On Tuesday, Great Plains Energy Inc. announced to buy Kansas’ Westar Energy Inc. (NYSE: WR) for roughly $8.6 billion, which is indicative of a major consolidation in the utilities sector that the companies hope will lead to more controlled costs and consumer rates.
“The utility industry is facing rising customer expectations, increasing environmental standards and emerging cybersecurity threats,” said Terry Bassham, chairman and chief executive of Great Plains. “These factors, coupled with slower demand growth for electricity, are driving our costs and customer rates higher.”
On top of that, Mr. Bassham also stated that the anticipated savings from the deal would help reduce future rate requests. Upon completion of the transaction, Great Plains will have more than 1.5 million customers in Kansas and Missouri.
Westar holders will receive $60 a share—$51 in cash and $9 in Great Plains stock—a 13% premium to Westar’s closing price of $52.92 last Friday. The transaction has a total value of about $12.2 billion including Westar’s roughly $3.6 billion of debt.
Aside from that, Great Plains’ agreement with Westar includes termination fees that could range from $80 million to as much as $380 million, depending on certain circumstances:
If Great Plains or Westar were to terminate the agreement as a result of Great Plains shareholders not approving the issuance of Great Plains common stock to the Westar shareholders, Great Plains may be required to pay Westar $80 million.

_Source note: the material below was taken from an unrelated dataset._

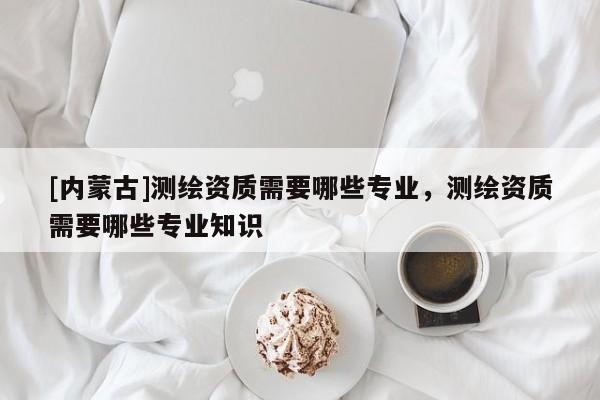 [内蒙古]测绘资质需要哪些专业，测绘资质需要哪些专业知识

If the transaction fails to obtain regulatory approvals by May 31, 2017, subject to extension in certain cases for an additional six months, Great Plains could pay Westar a termination fee of $380 million.
The companies anticipate the transaction, which requires regulatory approval and a shareholder vote, closing in the spring of 2017. After the transaction, Mr. Bassham will be chairman and CEO of the combined company. Mark Ruelle, CEO of Westar, will remain in his current role until the closing of the transaction. Great Plains will add one Westar director to its board.